Celebrities, including Kate Moss and Kylie Minogue, have been seen wearing Indian designers, such as Manish Malhotra, while Kate Middleton, the Duchess of Cambridge, brought to the world’s attention couturier-to-the-stars Anita Dongre, when she wore one of the designer’s creations during a visit to India in April.
But strongest, perhaps, is the appeal of Indian designers in the UAE and other Middle Eastern countries – a testament to the similarities in Indian and Arab fashion sensibilities. While preferred for its conservative outlines – including loose, flowing silhouettes, high necklines and low hems – Indian evening wear is also sought after for its heavy embroidery, beadwork and appliqué on luxurious fabrics such as handwoven silk.
Growing global awareness of and demand for Indian trends and traditional handicraft is "leading to designers achieving international status and making inroads in the world market", says Mumbai designer Kamaali Mehta, who will be showcasing her modern creations at Lakmé Fashion Week under her label, Kamaali Couture. "Our handicrafts and embroideries have forever been an area of interest for international labels – from Louis Vuitton to Coco Chanel."
Mehta, whose brand is known for its bridal gowns, elegant saris and dresses, is hoping to expand to the Arabian Gulf.
"There are a lot of similarities in fashion between India and the Middle East," she says, adding that beside cut, pattern and the preoccupation with heavy embellishments, the motifs and prints bear similarities, too.
It is no coincidence that Malhotra – whose Lakmé show is one of the most eagerly anticipated events – has collaborated with Abu Dhabi’s Etihad Airways to film the event in virtual reality.
"I love Abu Dhabi and Dubai, especially what both these cities have come to represent over the years," says the 50-year-old. "Whenever I go back, I realise that nothing is impossible to achieve, and this pushes me to work harder.
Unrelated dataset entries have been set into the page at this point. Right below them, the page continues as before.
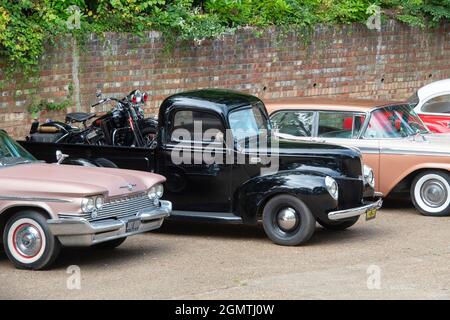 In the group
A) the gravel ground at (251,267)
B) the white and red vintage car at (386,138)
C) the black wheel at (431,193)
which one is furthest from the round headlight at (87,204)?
the black wheel at (431,193)

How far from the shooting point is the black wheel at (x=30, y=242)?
1019 cm

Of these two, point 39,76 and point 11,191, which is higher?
point 39,76

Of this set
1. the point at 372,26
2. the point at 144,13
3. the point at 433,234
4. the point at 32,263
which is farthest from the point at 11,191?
the point at 372,26

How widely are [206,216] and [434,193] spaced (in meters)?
3.56

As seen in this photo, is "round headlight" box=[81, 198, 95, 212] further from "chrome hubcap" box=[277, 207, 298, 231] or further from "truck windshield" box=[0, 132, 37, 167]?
"chrome hubcap" box=[277, 207, 298, 231]

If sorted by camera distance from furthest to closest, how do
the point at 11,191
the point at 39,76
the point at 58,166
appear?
1. the point at 39,76
2. the point at 58,166
3. the point at 11,191

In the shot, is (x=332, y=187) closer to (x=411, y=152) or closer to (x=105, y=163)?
Answer: (x=411, y=152)

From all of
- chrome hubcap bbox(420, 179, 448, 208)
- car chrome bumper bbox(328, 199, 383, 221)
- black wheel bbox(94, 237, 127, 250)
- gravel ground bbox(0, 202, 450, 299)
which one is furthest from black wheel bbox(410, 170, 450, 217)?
black wheel bbox(94, 237, 127, 250)

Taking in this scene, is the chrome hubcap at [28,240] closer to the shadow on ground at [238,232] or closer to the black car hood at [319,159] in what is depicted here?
the shadow on ground at [238,232]

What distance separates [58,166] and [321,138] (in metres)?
4.53

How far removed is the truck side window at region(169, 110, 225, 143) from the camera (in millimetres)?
12500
This is one of the major reasons I decided to partner with Etihad Airways.
"During the henna night at Arab weddings, for instance, female guests often prefer to wear ethnic-Indian outfits with old-world handicraft," says the designer, who last October brought a special trunk show to Dubai, followed by a private catwalk event that featured Bollywood actor Arjun Kapoor as the showstopper.
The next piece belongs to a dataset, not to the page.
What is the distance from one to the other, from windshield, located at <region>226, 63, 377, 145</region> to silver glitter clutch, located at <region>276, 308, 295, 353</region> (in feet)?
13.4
Collections by such established designers are readily available in shops in the UAE, including at Dubai’s Studio 8 and Label 24.
Ritu Kumar, from New Delhi, has a boutique at BurJuman centre in Dubai that stocks her latest collections and special-occasion designs she creates for festivals such as Eid Al Fitr and Diwali.
"We have been dealing with a lot of demand from the Middle Eastern market," says Diya Arora, a Mumbai designer, whose Lakmé show will be under the brand DiyaRajvvir. "In fact, we are stocking at VESIMI Dubai in Jumeirah. Our speciality is exquisite hand-painted and hand-embroidered techniques, which are in demand among customers looking for one-of-a-kind, opulent wear."
Arora says her creations – "a hybrid of Indian and western sensibilities" – reflect a broader trend in Indian fashion of combining global and traditional elements.
"It is a melange of styles, including capes, kimono sleeves and culottes," says the designer, whose silhouettes this season have been crafted with comfort in mind – a mix of sultry drapes and layering, with a hint of structure.